The following is the full text of the speech, which has been collated without changing the original meaning.

At present, neural networks and deep learning are developing rapidly, and in this emerging field, the most core and compelling direction is the optimization method of networks.

This article will be divided into five parts: the relationship between artificial intelligence and deep learning, post-deep learning - cognitive modeling, automatic learning, gradual evolution, and summary.

1

Artificial intelligence and deep learning combing

Academician Xidian Jiao Li Cheng: From brain science and cognitive science to artificial intelligence, what inspiration can we get from biophysical mechanisms?

Artificial intelligence has been born more than 60 years ago, at the Dartmouth Conference in 1956, mcCarthy, Minsky, Rochester and Shannon and other scientists first proposed the term "artificial intelligence", thus marking the official emergence of artificial intelligence as a science, and clarifying its complete academic path, but also marked the official birth of a new field of artificial intelligence.

Not only did they give birth to the concept of artificial intelligence in their discussions, but their forward-looking work also had a profound impact on future generations, especially in the IT field.

According to its history of natural development, ARTIFICIAL intelligence can be divided into four stages: expert systems, feature engineering, speech image and word processing, and the current stage of technologies represented by augmented learning, adversarial learning, self-supervised learning, meta-learning, and reinforcement learning.

In the expert system stage (1960-1980), artificial intelligence is relatively rudimentary, and the main technology relied on is the manual design of the rules. At this stage, people mainly hope that artificial intelligence systems can do search work.

In the feature engineering phase (1980-2000), people began to process raw data to extract features, and used simple machine learning models for tasks such as classification and regression.

In the third phase (2000-2010), people began to process natural information such as speech, images, and words. In this phase, the AI system feeds raw data and answer labels into the deep learning model. However, machine learning models based on the traditional binary string structure at that time could not learn such a complex system to complete the corresponding complex tasks, so AI entered the next stage.

In the fourth phase (2010-2020), people give data to machines, hoping that machines can automatically mine the knowledge contained in the data. However, in practical applications, the system still relies on humans to organize and arrange models and data, so as to guide the model to dig for knowledge. Although we hope that AI models can automatically mine knowledge, the successful operation of models is difficult to leave human supervision and guidance.

In this brilliant fourth phase, a variety of fields such as machine proof, machine translation, expert systems, pattern recognition, machine learning, robotics and intelligent control are produced. Although their cores are different, they are all an indispensable and important part of the fourth phase of AI development.
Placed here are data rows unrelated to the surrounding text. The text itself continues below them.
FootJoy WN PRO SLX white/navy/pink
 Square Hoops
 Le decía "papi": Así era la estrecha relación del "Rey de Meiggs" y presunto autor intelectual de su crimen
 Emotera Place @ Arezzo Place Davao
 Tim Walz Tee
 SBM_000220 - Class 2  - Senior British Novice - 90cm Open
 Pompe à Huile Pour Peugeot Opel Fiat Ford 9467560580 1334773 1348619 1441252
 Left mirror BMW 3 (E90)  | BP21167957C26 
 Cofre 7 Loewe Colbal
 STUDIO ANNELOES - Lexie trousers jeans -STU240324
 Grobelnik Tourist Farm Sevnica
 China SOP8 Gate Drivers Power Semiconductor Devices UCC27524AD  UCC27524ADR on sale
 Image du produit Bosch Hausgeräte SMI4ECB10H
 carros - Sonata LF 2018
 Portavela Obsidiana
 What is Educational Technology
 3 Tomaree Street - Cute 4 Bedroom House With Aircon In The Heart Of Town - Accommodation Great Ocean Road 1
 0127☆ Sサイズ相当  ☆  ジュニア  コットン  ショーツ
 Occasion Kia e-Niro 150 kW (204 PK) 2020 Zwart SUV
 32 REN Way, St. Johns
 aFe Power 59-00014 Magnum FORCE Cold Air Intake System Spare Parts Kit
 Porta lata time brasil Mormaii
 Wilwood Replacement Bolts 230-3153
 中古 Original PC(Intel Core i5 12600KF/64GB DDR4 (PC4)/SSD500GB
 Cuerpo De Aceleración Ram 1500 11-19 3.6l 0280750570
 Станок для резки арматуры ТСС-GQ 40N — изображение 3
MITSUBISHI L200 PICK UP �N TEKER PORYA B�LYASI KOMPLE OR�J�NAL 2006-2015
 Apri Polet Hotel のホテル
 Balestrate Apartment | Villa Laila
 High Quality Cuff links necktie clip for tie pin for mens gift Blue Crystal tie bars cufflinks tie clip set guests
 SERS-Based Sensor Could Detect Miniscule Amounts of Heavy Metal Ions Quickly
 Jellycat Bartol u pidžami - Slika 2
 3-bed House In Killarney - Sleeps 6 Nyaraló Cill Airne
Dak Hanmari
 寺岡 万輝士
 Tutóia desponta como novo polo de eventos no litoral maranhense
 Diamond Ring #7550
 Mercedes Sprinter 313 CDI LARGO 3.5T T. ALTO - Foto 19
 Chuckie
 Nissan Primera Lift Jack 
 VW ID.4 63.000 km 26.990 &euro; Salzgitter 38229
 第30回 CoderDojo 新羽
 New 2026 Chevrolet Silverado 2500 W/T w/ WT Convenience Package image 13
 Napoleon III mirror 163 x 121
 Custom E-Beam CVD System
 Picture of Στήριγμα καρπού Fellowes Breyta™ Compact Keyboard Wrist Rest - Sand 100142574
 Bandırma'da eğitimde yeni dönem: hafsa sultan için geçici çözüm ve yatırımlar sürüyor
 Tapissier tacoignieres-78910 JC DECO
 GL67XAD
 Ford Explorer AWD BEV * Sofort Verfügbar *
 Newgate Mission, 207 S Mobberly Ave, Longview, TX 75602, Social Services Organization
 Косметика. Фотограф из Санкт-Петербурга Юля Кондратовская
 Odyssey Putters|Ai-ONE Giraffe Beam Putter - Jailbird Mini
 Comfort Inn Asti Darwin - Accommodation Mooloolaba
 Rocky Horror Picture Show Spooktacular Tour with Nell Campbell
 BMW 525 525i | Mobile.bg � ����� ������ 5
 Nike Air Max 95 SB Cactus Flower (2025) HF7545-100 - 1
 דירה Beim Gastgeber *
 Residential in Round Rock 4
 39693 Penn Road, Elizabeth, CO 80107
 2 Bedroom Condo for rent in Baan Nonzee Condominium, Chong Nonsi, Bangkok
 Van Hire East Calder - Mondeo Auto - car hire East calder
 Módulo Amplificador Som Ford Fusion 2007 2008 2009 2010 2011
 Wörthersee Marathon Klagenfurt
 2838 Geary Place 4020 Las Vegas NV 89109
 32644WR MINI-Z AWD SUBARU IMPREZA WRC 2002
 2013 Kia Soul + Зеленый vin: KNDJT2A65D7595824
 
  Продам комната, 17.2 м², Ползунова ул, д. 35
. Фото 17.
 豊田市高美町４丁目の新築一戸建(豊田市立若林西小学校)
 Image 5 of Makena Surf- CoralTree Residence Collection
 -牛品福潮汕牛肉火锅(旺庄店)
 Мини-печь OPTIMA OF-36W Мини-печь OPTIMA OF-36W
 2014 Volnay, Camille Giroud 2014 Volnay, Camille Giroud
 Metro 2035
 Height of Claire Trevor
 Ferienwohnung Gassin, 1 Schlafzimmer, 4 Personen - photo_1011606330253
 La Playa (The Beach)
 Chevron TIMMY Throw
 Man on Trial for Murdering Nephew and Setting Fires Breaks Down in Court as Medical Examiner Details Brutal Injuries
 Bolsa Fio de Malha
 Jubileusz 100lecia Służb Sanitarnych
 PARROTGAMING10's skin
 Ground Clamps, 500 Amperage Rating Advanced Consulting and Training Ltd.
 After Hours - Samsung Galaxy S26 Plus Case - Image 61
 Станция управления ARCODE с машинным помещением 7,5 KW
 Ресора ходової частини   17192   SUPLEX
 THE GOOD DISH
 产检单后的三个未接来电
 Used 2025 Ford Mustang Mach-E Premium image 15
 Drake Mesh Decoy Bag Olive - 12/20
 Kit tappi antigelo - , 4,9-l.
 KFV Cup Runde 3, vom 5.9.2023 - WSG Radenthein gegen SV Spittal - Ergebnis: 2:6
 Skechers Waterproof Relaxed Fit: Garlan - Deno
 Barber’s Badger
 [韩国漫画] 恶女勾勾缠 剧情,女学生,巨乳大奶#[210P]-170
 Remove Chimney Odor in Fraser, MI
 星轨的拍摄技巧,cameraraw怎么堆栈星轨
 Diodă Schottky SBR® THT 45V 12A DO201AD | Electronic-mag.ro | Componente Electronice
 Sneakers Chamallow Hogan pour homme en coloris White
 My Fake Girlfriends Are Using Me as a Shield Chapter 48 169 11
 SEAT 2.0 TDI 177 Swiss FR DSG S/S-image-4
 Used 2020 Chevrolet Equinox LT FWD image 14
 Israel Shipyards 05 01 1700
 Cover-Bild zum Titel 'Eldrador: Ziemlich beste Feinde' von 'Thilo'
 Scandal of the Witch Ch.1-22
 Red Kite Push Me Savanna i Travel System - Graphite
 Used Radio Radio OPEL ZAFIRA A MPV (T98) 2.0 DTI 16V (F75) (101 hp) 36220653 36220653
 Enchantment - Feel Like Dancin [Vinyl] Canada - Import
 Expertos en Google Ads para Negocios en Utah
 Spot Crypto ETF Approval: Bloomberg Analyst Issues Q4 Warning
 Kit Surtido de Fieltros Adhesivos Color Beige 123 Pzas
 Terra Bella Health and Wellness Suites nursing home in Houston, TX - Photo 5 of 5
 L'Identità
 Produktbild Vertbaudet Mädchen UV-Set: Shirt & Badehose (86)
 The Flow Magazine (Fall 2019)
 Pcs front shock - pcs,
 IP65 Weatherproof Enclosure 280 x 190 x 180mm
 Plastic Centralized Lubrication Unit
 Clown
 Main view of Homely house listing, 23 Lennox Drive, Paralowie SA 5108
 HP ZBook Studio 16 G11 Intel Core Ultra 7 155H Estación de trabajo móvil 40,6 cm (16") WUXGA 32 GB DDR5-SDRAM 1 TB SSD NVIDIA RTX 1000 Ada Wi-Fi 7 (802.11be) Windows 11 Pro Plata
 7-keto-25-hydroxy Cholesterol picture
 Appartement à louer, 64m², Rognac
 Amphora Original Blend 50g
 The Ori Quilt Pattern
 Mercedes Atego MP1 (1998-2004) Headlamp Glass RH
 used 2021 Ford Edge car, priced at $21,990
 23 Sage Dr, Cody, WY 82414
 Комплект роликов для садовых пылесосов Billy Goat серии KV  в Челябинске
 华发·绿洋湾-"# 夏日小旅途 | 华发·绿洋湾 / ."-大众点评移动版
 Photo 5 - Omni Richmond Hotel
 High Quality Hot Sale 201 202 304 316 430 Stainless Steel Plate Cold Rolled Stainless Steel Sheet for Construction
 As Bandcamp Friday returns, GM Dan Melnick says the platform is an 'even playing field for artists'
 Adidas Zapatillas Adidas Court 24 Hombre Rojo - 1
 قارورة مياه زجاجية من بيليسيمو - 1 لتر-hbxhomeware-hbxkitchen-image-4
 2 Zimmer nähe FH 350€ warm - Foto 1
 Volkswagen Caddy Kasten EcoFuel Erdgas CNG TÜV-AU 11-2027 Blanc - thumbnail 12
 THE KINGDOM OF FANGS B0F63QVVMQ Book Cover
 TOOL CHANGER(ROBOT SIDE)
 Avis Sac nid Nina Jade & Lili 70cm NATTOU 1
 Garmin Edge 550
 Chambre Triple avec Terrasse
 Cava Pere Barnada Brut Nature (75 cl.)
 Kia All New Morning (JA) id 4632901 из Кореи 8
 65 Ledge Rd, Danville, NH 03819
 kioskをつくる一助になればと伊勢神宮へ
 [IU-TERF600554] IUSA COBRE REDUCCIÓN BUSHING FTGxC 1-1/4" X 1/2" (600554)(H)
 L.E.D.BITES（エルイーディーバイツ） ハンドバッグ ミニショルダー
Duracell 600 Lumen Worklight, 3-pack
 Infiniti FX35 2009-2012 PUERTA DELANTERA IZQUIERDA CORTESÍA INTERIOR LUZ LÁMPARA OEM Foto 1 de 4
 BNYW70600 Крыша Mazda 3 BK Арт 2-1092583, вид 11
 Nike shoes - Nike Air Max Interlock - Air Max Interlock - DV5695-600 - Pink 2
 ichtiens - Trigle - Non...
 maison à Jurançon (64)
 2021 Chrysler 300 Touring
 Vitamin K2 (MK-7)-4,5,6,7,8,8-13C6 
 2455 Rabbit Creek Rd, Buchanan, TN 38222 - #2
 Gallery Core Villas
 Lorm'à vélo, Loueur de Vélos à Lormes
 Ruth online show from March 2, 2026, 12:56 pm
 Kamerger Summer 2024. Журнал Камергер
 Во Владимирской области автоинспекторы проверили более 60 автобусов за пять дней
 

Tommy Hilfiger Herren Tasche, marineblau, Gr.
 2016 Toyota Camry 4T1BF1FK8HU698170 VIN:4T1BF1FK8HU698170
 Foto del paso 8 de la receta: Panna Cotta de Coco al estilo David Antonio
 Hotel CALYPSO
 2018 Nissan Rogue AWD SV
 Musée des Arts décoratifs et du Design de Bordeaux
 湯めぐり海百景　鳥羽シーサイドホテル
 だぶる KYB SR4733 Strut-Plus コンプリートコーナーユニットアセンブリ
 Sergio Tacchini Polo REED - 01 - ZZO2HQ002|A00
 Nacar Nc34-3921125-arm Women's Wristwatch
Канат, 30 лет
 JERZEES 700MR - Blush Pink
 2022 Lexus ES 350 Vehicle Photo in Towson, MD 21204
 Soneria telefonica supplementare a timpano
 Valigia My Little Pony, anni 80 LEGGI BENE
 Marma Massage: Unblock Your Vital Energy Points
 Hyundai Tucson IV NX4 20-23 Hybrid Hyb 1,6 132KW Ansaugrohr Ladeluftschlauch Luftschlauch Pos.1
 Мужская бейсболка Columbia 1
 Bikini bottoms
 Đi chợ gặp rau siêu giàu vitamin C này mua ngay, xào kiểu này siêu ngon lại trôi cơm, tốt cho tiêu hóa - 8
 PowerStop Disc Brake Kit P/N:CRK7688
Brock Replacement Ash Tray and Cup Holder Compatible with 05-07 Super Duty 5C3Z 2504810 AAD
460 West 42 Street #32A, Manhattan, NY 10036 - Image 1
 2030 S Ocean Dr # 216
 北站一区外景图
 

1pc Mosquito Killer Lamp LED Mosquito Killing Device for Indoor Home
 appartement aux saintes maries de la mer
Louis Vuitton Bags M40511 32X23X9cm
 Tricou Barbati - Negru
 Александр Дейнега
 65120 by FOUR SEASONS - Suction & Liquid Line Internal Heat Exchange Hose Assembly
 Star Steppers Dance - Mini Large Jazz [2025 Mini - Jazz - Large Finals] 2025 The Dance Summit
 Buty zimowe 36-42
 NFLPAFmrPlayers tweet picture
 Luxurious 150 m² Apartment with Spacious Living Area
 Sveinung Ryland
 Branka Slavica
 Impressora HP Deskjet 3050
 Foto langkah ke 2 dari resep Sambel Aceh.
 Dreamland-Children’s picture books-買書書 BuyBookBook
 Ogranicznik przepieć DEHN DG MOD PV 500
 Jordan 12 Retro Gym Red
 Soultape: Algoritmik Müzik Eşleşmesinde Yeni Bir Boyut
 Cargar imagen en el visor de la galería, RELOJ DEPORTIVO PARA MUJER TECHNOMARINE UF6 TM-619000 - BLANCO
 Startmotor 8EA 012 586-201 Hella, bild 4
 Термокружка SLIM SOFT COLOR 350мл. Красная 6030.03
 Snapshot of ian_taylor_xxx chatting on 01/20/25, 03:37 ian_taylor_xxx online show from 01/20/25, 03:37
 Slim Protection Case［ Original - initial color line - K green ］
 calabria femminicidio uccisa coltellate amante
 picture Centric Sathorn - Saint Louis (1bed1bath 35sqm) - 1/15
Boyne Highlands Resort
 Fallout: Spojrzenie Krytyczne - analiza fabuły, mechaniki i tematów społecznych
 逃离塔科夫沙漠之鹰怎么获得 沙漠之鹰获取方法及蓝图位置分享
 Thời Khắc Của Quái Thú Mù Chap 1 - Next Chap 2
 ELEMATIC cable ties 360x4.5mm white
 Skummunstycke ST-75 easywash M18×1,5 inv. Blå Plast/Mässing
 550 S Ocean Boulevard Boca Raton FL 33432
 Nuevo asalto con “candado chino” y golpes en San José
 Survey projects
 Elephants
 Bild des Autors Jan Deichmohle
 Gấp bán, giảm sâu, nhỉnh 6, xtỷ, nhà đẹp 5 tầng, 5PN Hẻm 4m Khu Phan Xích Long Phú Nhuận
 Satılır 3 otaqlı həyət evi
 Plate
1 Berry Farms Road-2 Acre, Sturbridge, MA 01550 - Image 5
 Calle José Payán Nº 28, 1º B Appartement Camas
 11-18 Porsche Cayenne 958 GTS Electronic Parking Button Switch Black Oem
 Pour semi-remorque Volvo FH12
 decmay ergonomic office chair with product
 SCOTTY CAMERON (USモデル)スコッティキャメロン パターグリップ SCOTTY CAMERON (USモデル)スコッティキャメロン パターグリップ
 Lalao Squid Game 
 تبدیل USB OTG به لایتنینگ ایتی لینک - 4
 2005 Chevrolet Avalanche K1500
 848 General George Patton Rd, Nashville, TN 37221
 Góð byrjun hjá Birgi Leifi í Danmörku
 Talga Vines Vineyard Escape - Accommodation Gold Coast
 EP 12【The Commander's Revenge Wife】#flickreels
In addition to combing through artificial intelligence from time, we can also divide artificial intelligence into five academic schools according to its core ideas: symbolism, connectionism, behaviorism, Bayesian school and analogy school.

In the early stage of the development of artificial intelligence, there was not much integration and reference between these five schools, but they all worked hard, worked independently, and were full of confidence in their own application fields.

Today, we find that these schools actually explain artificial intelligence and machine learning from their own perspectives. The development of artificial intelligence needs to integrate these five university schools into each other.

Academician Xidian Jiao Li Cheng: From brain science and cognitive science to artificial intelligence, what inspiration can we get from biophysical mechanisms?

The winner of the IEEE Neural Network Pioneer Award attests to the development of artificial intelligence:

Shun-ichi Amari proposed the kinetic theory of neural fields, especially in the field of information geometry.

Paul J. Werbos, who graduated with a Ph.D. from Harvard University in 1974. Werbos mainly established and proposed the backpropagation algorithm BP, and it can be said that Werbos was the first person to BP algorithm. Even Geoffrey Hinton, who has a deep influence on the popularity of deep learning today, was a member of the BP algorithm team that worked with Werbos at that time, and he also made many contributions to the widespread use and dissemination of BP algorithms.

Leon O. Chua is a Chinese-American scientist who is regarded as one of the big three in the EE field at the University of California, Berkeley. He created the high-order original of nonlinearity, proposed Chua's circuit, promoted the development of nonlinear circuit theory, set off a boom in the study of nonlinear circuits, and made outstanding contributions to the transition of chaos from theory to practice. In addition, he also proposed the CA cell neural network, which has a huge influence in the world and is the pride of the Chinese. Many magazines have introduced his scientific discoveries such as CA and chaotic circuits. To this day, he is still active in the front line of Sino-US scientific exchanges.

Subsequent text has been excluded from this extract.